Pertanto, tutti i dipendenti pubblici contrattualizzati saranno, se la proposta dell’Aran verrà sottoscritta definitivamente, ricompresi nei seguenti settori: poteri centrali, poteri locali, sanità e, appunto, quello della Conoscenza.
Le aggregazioni hanno riguardato solo il primo (agenzie fiscali, ministeri, enti pubblici non economici) e l’ultimo comparto (scuola, ricerca, università e Afam). Sarebbe stata trovata una quadra anche sul meccanismo per trasferire la rappresentanza, calcolata sui precedenti comparti, alla situazione attuale, con una misura transitoria. In ballo c’era la sopravvivenza delle piccole e settoriali sigle sindacali. Le quali, però, per essere convocate al “tavolo” di contrattazione, dovranno gioco-forza confluire in quelle più grandi: diventerà infatti indispensabile raggiungere la soglia minima del 5% (tra media iscritti e voti) per rappresentare ai tavoli i dipendenti pubblici. La procedura, comunque, per la scuola non è certo una novità.
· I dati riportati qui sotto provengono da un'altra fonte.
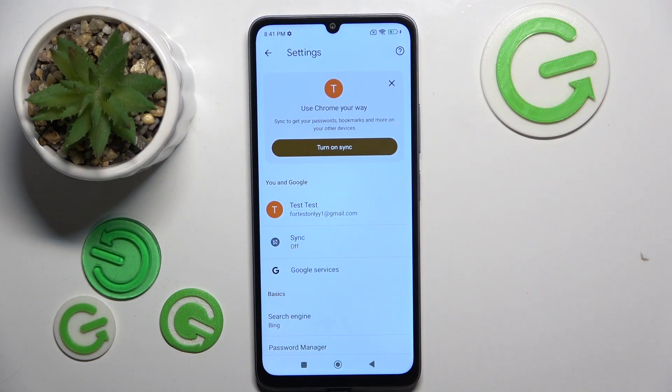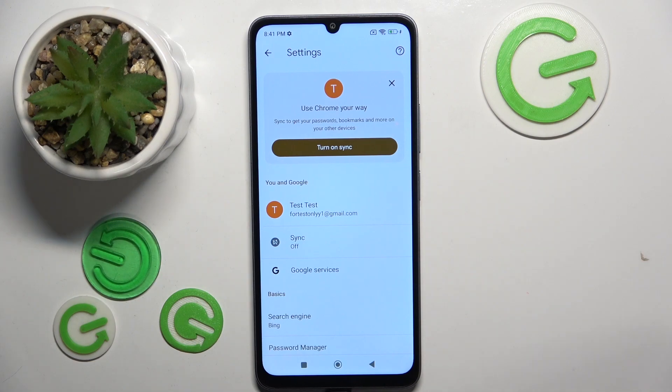As you can see, my search engine is now set to Bing. That's it for this video. If you liked it, please remember to leave a like and subscribe.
La convocazione del 4 aprile è stata però anche preceduta da un atto di indirizzo del ministro della P.a, Marianna Madia, che ha aperto alla possibilità di inserire delle sezioni per salvaguardare specifiche professionalità all’interno dei mega-comparti. Nell’atto ministeriale c’è anche l’invito a cercare alleanze tra le diverse organizzazioni dei lavoratori. Il raggiungimento dell’intesa è il tassello che manca per la riapertura della contrattazione.
Una volta firmato l’accordo si potrà quindi iniziare a parlare di negoziati per lo sblocco degli stipendi. La Legge di Stabilità stanzia per i rinnovi solo 300 milioni di euro nel 2016, pari a meno di 10 euro lordi a lavoratore: una cifra così bassa che non può essere nemmeno presa in considerazione, hanno già detto i rappresentanti dei 3 milioni e oltre di lavoratori statali. E come dargli torto?